DIRECTIONS FOR THIS TASK —
Write out the listing verbatim. No pictures belong in it.

DATA BLOCK —
--------------------

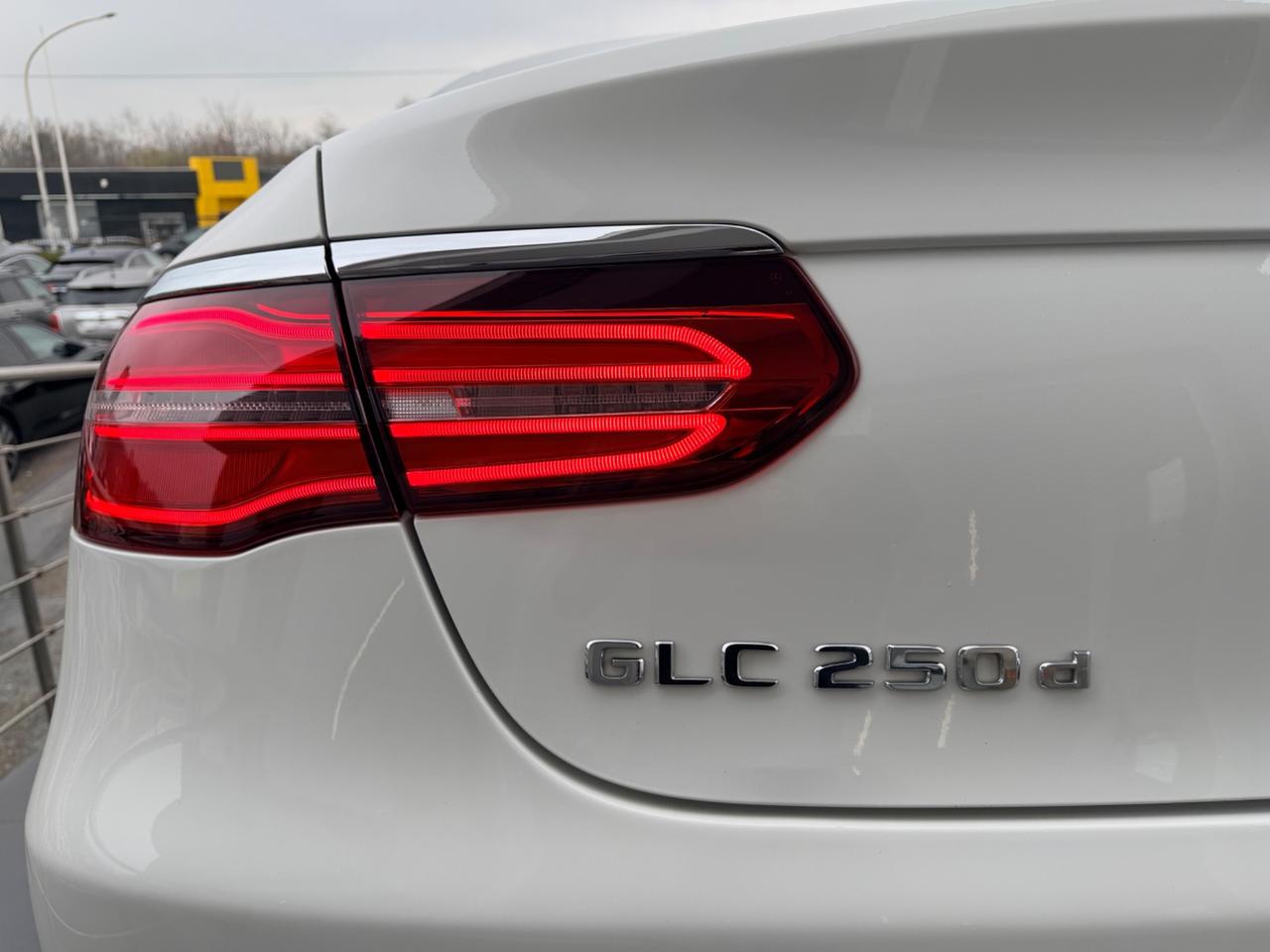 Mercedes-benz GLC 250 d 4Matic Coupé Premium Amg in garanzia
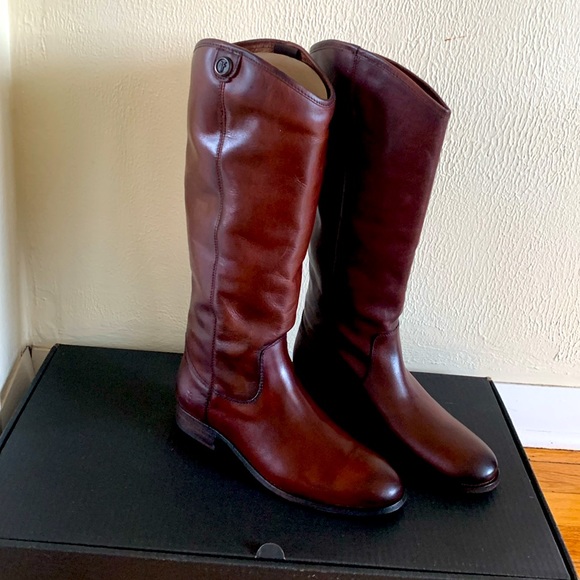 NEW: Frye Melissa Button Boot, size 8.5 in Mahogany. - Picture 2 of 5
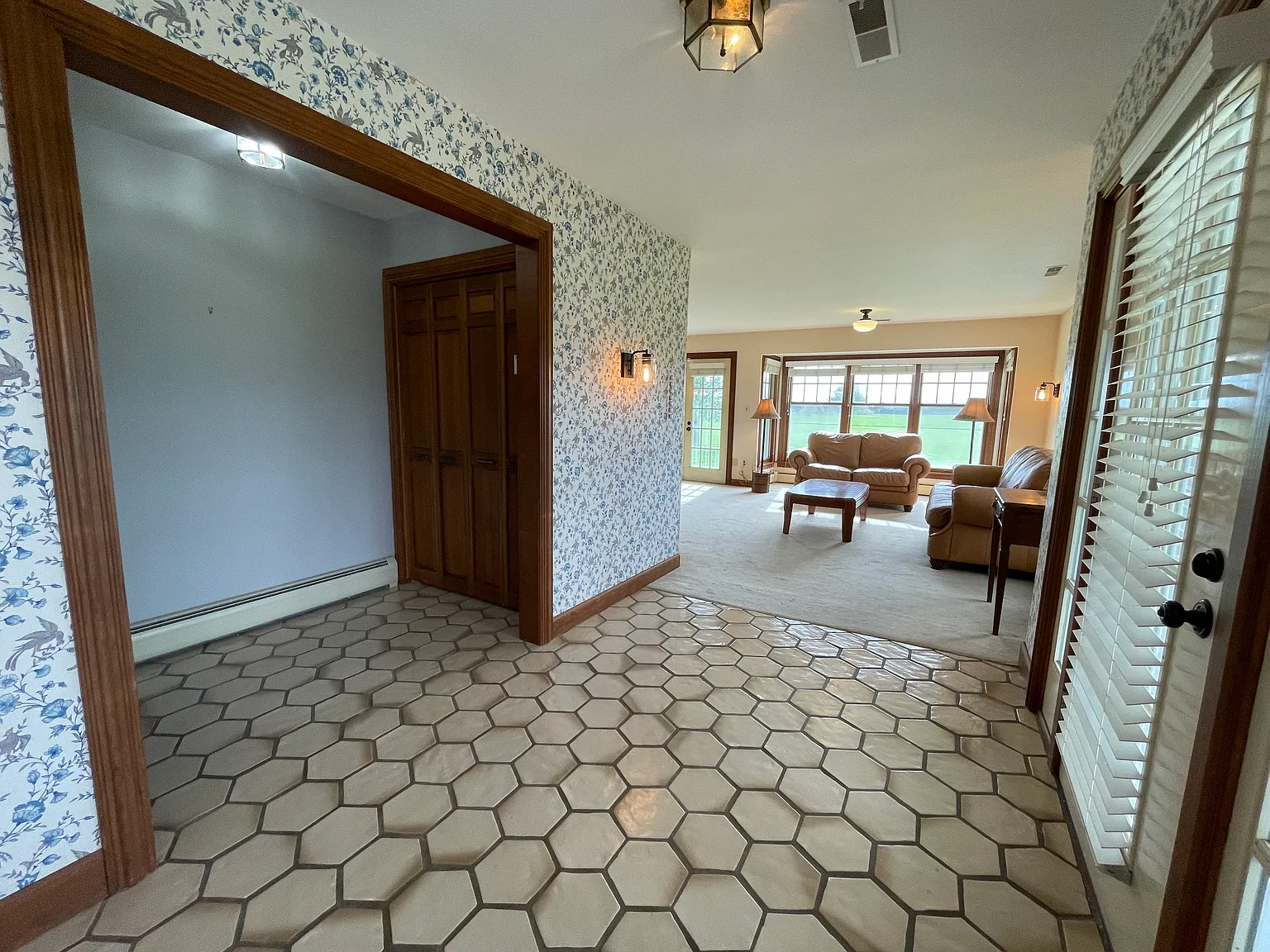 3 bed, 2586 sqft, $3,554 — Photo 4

--------------------

WRITTEN ANSWER —
 Mercedes-benz GLC 250 d 4Matic Coupé Premium Amg in garanzia
 NEW: Frye Melissa Button Boot, size 8.5 in Mahogany. - Picture 2 of 5
 3 bed, 2586 sqft, $3,554 — Photo 4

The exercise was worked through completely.